*** Opening MATERIAL SUPPLIED ***
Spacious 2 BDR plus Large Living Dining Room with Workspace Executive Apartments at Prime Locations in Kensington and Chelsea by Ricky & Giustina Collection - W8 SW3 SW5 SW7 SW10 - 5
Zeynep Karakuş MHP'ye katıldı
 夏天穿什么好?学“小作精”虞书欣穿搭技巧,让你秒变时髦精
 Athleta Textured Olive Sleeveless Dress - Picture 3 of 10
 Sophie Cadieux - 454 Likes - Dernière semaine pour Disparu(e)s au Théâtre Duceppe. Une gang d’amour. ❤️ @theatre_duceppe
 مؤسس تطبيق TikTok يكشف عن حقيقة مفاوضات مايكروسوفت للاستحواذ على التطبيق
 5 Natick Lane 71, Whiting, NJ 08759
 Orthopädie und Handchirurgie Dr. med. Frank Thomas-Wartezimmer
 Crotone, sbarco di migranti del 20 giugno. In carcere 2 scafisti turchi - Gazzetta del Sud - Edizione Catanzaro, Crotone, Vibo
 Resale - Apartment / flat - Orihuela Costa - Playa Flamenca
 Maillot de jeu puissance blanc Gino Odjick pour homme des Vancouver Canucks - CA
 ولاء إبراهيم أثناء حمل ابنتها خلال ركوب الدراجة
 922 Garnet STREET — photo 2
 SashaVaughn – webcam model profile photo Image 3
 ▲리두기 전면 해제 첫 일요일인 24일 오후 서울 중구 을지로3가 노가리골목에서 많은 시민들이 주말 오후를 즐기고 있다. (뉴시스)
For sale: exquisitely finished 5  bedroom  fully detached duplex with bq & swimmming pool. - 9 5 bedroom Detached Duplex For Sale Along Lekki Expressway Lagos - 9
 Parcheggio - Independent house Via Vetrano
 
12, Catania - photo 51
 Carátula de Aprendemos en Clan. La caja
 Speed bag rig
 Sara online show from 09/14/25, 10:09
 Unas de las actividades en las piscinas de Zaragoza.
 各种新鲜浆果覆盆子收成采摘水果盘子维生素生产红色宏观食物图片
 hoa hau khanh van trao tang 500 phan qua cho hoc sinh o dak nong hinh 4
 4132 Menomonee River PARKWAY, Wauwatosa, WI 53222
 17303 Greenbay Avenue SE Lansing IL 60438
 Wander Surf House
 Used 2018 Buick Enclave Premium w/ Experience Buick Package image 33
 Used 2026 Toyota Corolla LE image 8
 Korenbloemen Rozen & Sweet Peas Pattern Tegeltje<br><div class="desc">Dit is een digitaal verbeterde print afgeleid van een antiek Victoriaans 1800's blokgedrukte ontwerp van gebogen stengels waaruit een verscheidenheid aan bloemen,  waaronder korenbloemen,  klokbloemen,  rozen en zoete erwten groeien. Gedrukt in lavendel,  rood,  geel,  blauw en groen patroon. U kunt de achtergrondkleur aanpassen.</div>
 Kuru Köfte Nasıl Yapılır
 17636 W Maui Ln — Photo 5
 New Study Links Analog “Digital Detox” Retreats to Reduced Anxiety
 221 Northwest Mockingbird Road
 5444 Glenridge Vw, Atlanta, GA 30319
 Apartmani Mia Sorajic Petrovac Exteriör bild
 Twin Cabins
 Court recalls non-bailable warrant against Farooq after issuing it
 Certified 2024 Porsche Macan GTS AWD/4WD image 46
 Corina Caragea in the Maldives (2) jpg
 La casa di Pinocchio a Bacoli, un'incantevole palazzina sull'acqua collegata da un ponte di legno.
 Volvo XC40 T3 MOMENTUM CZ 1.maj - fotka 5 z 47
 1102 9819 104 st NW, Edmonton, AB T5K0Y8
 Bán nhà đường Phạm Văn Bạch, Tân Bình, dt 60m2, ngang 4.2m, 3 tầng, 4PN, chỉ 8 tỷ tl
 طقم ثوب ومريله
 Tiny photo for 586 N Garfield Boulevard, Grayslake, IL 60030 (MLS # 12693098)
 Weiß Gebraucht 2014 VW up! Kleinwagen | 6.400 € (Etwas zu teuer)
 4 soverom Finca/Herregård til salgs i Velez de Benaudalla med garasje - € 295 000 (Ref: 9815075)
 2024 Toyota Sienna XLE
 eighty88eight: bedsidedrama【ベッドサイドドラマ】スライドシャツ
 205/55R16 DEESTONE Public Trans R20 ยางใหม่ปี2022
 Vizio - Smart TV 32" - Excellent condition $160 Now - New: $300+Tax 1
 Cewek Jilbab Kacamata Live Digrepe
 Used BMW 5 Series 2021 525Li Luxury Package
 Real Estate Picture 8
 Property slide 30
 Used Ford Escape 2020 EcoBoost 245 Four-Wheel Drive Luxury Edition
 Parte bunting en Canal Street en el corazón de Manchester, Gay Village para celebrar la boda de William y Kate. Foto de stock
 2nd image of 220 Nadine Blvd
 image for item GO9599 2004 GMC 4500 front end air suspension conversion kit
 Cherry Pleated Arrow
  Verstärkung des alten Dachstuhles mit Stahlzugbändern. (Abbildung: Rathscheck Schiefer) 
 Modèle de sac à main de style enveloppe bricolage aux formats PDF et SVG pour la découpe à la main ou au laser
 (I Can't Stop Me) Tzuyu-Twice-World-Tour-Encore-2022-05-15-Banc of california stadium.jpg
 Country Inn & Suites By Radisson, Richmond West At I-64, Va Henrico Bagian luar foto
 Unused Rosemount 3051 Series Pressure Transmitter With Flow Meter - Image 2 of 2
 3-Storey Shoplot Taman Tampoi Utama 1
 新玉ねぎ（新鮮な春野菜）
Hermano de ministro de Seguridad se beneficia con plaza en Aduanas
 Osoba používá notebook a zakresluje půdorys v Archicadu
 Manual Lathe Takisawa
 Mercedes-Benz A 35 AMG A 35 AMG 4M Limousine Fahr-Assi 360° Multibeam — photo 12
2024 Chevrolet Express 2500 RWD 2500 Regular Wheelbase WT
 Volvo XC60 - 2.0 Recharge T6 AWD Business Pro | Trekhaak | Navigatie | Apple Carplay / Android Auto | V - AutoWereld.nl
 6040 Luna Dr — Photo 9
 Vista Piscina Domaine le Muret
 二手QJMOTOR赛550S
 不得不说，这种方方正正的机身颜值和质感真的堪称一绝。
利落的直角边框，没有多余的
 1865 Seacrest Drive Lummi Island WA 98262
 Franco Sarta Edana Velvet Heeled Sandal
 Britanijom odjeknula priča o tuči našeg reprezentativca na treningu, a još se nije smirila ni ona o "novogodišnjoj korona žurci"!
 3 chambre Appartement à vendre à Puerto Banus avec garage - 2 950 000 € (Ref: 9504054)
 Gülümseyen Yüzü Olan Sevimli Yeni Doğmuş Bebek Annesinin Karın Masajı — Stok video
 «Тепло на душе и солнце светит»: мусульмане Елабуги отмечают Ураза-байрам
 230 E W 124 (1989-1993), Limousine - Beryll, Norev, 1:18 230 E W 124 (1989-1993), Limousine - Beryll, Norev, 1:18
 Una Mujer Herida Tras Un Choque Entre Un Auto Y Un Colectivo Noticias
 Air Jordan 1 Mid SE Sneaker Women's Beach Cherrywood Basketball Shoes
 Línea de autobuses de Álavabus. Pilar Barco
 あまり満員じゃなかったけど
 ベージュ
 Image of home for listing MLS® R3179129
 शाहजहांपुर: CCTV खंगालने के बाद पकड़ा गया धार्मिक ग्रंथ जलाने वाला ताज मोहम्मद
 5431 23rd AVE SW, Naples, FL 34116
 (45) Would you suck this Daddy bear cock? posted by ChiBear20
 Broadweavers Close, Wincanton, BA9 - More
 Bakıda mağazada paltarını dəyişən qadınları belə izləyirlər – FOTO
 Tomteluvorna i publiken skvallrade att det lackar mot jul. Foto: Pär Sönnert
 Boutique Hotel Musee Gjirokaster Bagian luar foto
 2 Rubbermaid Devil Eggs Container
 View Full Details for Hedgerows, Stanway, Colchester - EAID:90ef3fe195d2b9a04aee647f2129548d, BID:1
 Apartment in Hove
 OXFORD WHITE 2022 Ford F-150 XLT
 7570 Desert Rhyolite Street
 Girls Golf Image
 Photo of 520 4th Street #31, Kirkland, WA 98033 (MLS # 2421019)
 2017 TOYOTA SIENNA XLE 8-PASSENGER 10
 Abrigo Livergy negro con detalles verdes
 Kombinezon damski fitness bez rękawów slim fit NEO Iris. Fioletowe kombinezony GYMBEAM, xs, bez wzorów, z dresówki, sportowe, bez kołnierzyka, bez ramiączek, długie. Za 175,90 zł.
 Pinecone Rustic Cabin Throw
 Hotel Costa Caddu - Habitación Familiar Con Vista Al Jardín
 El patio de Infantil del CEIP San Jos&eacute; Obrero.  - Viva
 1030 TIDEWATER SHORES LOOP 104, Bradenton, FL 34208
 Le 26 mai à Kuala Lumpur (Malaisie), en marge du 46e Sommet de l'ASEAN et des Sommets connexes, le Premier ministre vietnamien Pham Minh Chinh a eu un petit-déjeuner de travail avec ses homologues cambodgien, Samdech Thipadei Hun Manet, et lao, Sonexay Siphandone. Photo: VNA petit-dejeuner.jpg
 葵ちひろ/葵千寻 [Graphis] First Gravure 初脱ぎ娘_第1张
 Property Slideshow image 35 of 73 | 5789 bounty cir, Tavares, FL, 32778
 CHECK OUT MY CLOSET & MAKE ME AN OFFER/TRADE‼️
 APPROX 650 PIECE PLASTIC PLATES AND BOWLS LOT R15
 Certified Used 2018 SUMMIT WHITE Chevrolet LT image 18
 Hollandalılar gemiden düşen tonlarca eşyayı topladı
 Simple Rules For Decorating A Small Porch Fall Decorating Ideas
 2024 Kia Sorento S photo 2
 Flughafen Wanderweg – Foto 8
*** Closing MATERIAL SUPPLIED ***
### EXERCISE INSTRUCTIONS
Above are some records; copy exactly the lines from the one with "Broadweavers Close, Wincanton, BA9 - More" through the one with "Abrigo Livergy negro con detalles verdes", both included, and no others.

### ANSWER TO THIS PROBLEM
 Broadweavers Close, Wincanton, BA9 - More
 Bakıda mağazada paltarını dəyişən qadınları belə izləyirlər – FOTO
 Tomteluvorna i publiken skvallrade att det lackar mot jul. Foto: Pär Sönnert
 Boutique Hotel Musee Gjirokaster Bagian luar foto
 2 Rubbermaid Devil Eggs Container
 View Full Details for Hedgerows, Stanway, Colchester - EAID:90ef3fe195d2b9a04aee647f2129548d, BID:1
 Apartment in Hove
 OXFORD WHITE 2022 Ford F-150 XLT
 7570 Desert Rhyolite Street
 Girls Golf Image
 Photo of 520 4th Street #31, Kirkland, WA 98033 (MLS # 2421019)
 2017 TOYOTA SIENNA XLE 8-PASSENGER 10
 Abrigo Livergy negro con detalles verdes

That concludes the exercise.